The BjjBrick Podcast is in iTunesStitcher radio, and Google Play Music for Andriod

New Info on the Gi vs No-gi Training Debate

As a student you should be training both gi and no-gi, as a gym owner you should be encouraging students to train both. We can forget about the technical reason to train both. Although I do believe the technical arguments for training both gi and no-gi are strong. I have data from the BJJ training app Marune, and this data reveals some amazing information about students that train both gi and no-gi.

Students that train both gi and no-gi train longer per average session and roll longer per average session. The comparisons draw a stark difference in training time.

This pie graph above shows a break down of the people that are using the Marune app. Most people (using the app) train just with the gi 54.55%. Only 10.52% are exclusively training no-gi. 34.93% of people train both gi and no-gi. These are not people that claim to train one or the other they are actually logging their mat time and choosing gi or no-gi. Someone that has never logged a no-gi session simply gets put in the gi category. If someone has done both they are categorized as gi and no-gi.

Statistically people who only train “no-gi only” spend less time on the mat per training session. People who train both are training about 14 minutes longer than the people training only gi, and almost 27 minutes longer than the strictly no-gi crowd.

Training time discrepancies are shocking, but BIG difference is time rolling. People that train gi and no-gi roll much more time than the people that only train one sport. People training both roll almost 9 minutes more that people training only gi, and 15 minutes more than people training only no-gi.

Why?????

I don’t know but here are some ideas.

  1. It could be that people training both have found a greater passion for training and rolling and get more mat time every time they walk in the door of the gym.
  2. Perhaps the data is affected by shorter classes and gyms that only teach one type of training. It could be that on average a gym that has both gi and no-gi has longer classes.
  3. The times could be effected by the students ability to train and push themselves. If your gym has 2 gi classes a week and 2 no-gi classes a week and you only train on the no-gi days you are probably not in as good as shape as someone training all the classes. This would result in you rolling less at the end of class.
  4. Open mat sessions could be attended predominantly by people that roll both, and this would push the data in their favor.
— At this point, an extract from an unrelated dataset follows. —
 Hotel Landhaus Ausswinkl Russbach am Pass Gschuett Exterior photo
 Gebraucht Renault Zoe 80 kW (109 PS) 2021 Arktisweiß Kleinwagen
What to do about this data?

  • If you are a student that only trains one, try training both. You may find yourself training more per training session. You are likely trying to balance a busy schedule with jiu-jitsu. Train when you can regardless of the grappling clothing materials (try not to skip training because it is no-gi night and you like gi).
  • If you are an instructor you should encourage students to train both. It is no secret that students that train more have an accelerated learning rate. Talk about the benefits of training in the other classes and continue to invite them to try the other side of grappling.